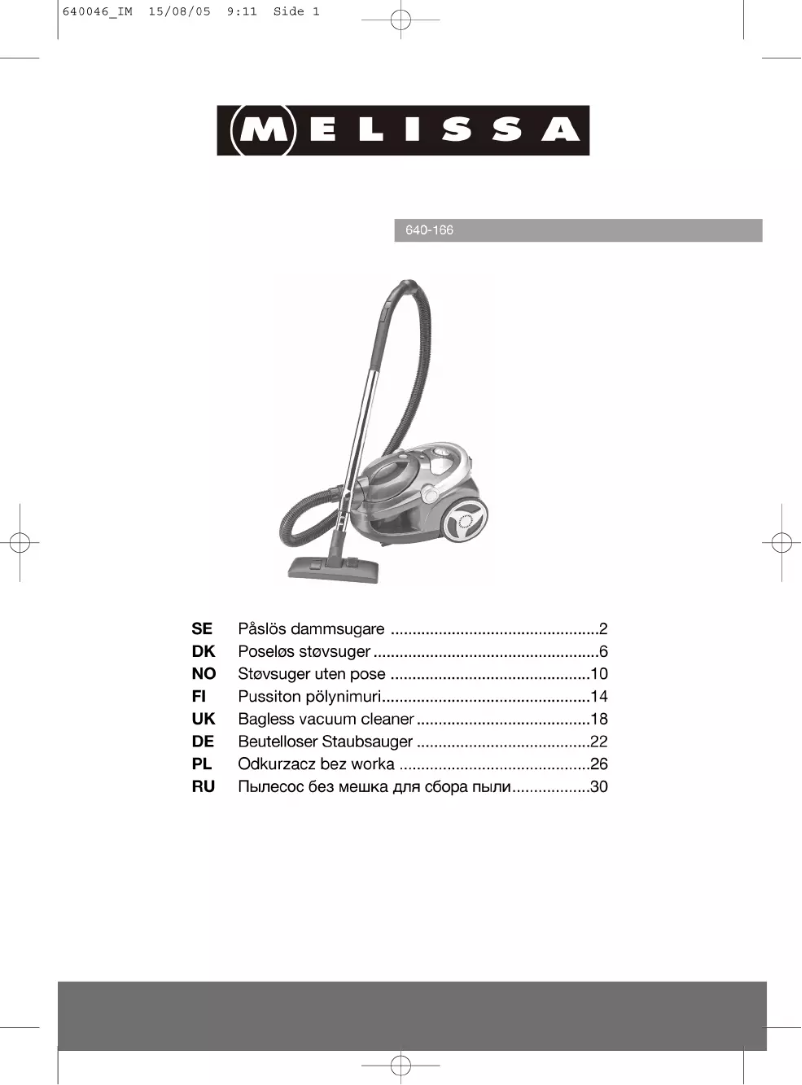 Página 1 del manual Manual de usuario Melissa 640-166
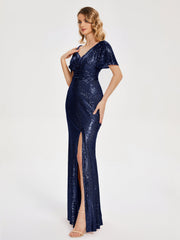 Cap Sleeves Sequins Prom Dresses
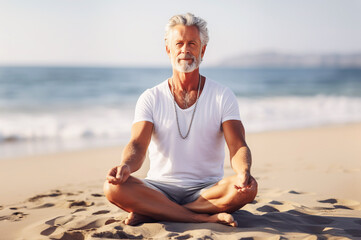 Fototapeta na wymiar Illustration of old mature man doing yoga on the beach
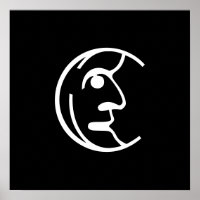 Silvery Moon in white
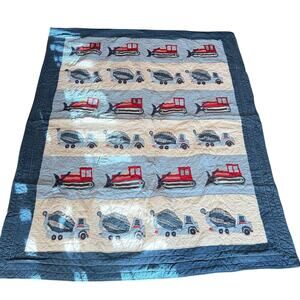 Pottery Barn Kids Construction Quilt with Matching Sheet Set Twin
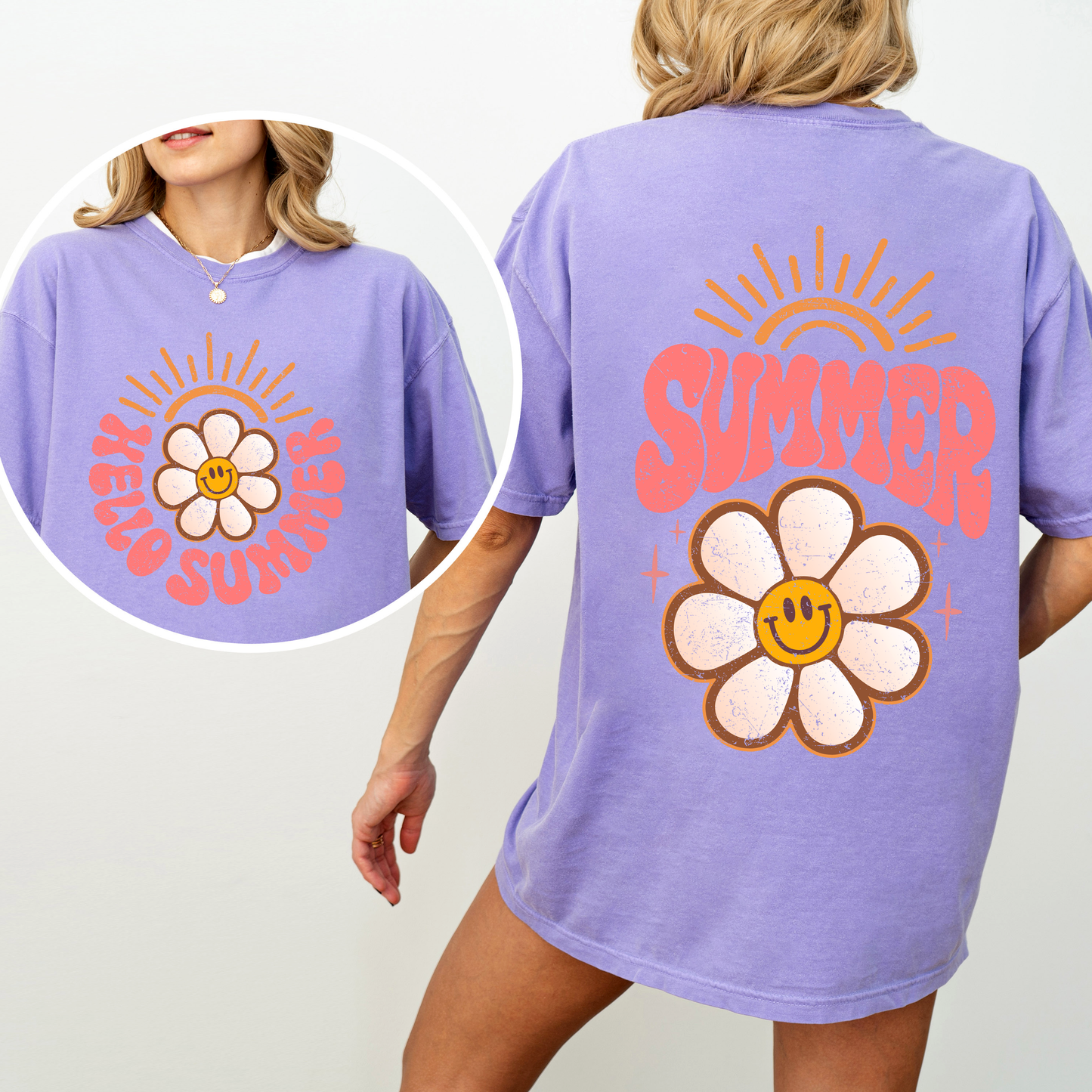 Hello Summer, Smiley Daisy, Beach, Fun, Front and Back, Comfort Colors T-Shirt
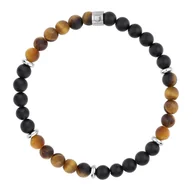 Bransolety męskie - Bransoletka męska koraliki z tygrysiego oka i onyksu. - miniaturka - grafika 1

Exercise instructions: Repeat each line of the material, unaltered, from the first through the line with "Pottery Barn Kids", and include no pictures.

Task result:
 Página 1 del manual Manual de usuario Melissa 640-166
 Cap Sleeves Sequins Prom Dresses
 Fototapeta na wymiar Illustration of old mature man doing yoga on the beach
 Silvery Moon in white
 Pottery Barn Kids Construction Quilt with Matching Sheet Set Twin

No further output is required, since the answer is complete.